* INSTRUCTIONS TO FOLLOW
Please transcribe exactly, and only, the lines of the data below between the line holding "a dining room" and the line holding "A summer-style Guinness", inclusive.

* RECORD EXCERPTS
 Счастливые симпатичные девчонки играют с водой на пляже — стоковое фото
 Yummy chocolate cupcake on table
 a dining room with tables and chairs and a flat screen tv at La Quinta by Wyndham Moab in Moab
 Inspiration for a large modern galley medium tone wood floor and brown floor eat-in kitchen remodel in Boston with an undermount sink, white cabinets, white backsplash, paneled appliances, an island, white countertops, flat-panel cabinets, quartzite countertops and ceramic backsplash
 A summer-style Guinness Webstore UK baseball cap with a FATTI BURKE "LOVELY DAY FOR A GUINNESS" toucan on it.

---

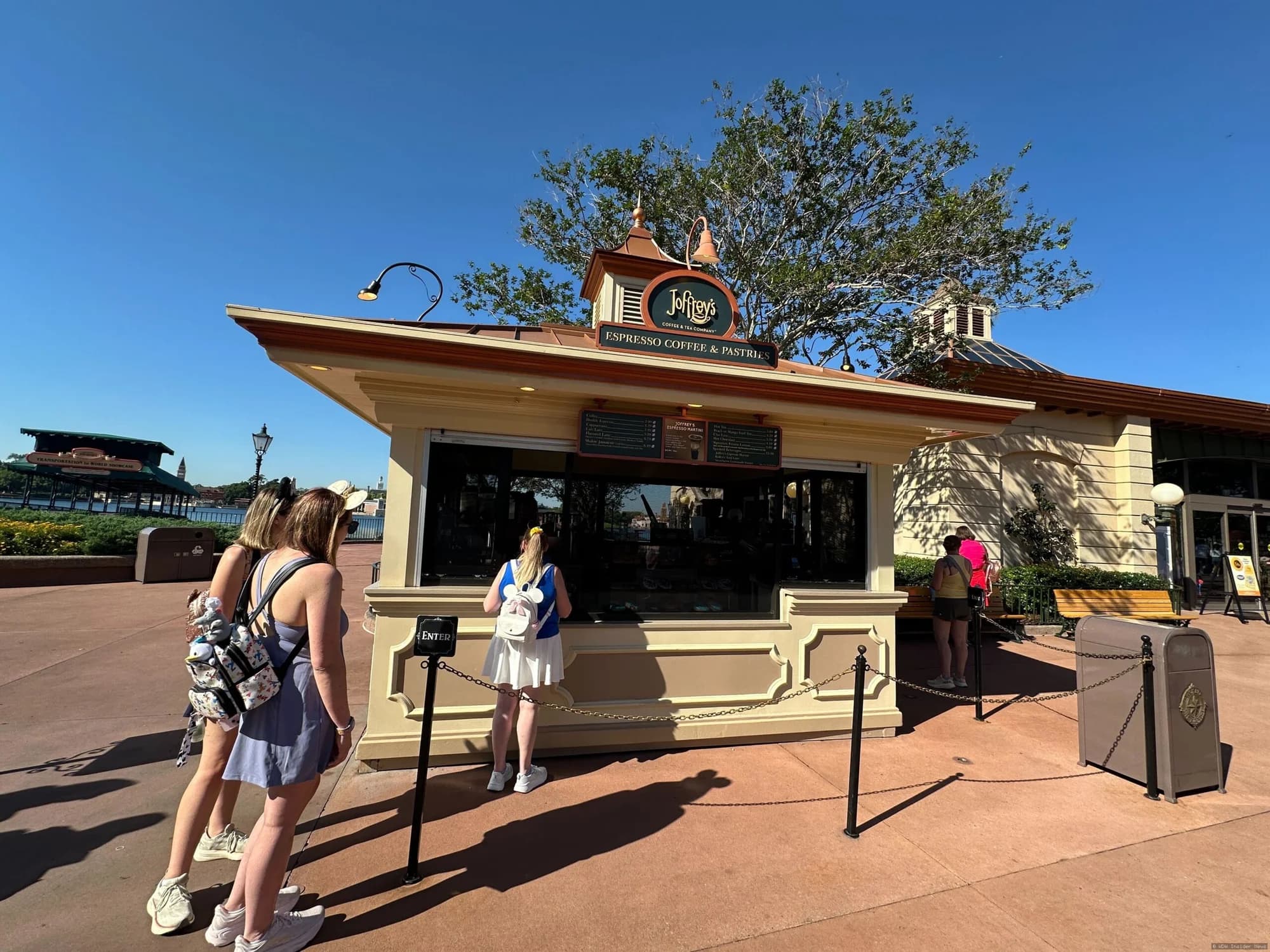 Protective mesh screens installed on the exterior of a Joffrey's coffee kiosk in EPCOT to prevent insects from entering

---

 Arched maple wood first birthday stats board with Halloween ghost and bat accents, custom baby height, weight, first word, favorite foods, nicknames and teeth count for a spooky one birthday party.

* ANSWER BOX
 a dining room with tables and chairs and a flat screen tv at La Quinta by Wyndham Moab in Moab
 Inspiration for a large modern galley medium tone wood floor and brown floor eat-in kitchen remodel in Boston with an undermount sink, white cabinets, white backsplash, paneled appliances, an island, white countertops, flat-panel cabinets, quartzite countertops and ceramic backsplash
 A summer-style Guinness Webstore UK baseball cap with a FATTI BURKE "LOVELY DAY FOR A GUINNESS" toucan on it.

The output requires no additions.